Task to carry out >> Copy out each line of the listing below where the string "Family" appears.

Input material >>
# # # # # # #

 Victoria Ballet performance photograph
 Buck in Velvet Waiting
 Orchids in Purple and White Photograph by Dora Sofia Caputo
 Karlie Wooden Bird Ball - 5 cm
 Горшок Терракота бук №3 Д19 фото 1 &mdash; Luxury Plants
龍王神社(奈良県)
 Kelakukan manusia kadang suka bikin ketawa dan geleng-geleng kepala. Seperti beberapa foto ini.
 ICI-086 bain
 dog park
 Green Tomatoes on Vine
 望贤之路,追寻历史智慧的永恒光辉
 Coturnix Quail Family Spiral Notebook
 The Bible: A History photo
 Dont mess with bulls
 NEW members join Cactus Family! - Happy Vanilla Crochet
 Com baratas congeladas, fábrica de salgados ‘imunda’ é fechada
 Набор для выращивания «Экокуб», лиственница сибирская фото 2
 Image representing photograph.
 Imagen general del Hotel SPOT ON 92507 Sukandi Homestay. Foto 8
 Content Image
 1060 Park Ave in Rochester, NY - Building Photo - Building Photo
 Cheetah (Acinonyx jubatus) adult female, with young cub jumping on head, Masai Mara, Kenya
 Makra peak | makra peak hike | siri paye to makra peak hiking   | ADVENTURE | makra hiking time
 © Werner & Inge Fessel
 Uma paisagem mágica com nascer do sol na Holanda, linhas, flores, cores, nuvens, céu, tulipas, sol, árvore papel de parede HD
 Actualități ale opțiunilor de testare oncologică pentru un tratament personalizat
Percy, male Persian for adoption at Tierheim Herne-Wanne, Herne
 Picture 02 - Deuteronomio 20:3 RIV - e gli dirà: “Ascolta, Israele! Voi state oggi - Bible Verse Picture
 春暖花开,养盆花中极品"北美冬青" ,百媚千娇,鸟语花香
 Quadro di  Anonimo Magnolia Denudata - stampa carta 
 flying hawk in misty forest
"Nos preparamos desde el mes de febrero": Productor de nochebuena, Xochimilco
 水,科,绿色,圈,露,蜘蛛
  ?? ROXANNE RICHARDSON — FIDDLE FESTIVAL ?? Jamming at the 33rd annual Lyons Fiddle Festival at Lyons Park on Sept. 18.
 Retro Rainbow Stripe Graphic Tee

# # # # # # #

Solution >>
 Coturnix Quail Family Spiral Notebook
 NEW members join Cactus Family! - Happy Vanilla Crochet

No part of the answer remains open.